[Web page caption snippets]
* * * *
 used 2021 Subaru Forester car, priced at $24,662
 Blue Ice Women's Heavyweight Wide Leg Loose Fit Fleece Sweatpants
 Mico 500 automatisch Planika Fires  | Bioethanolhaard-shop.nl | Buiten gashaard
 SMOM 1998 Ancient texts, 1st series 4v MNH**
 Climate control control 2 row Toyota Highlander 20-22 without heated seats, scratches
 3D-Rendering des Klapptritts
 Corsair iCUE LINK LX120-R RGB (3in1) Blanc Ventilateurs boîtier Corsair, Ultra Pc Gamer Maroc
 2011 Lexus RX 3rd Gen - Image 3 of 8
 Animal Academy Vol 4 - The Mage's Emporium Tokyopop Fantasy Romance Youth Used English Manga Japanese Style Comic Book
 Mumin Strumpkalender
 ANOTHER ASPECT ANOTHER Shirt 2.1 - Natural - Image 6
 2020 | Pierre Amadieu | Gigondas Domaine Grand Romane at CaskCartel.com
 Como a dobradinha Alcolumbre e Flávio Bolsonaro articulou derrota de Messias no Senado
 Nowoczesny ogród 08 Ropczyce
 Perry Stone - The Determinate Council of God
* * * *
Required action
Count the lines of the data that include the string "Image", and give only that number.

Task result
2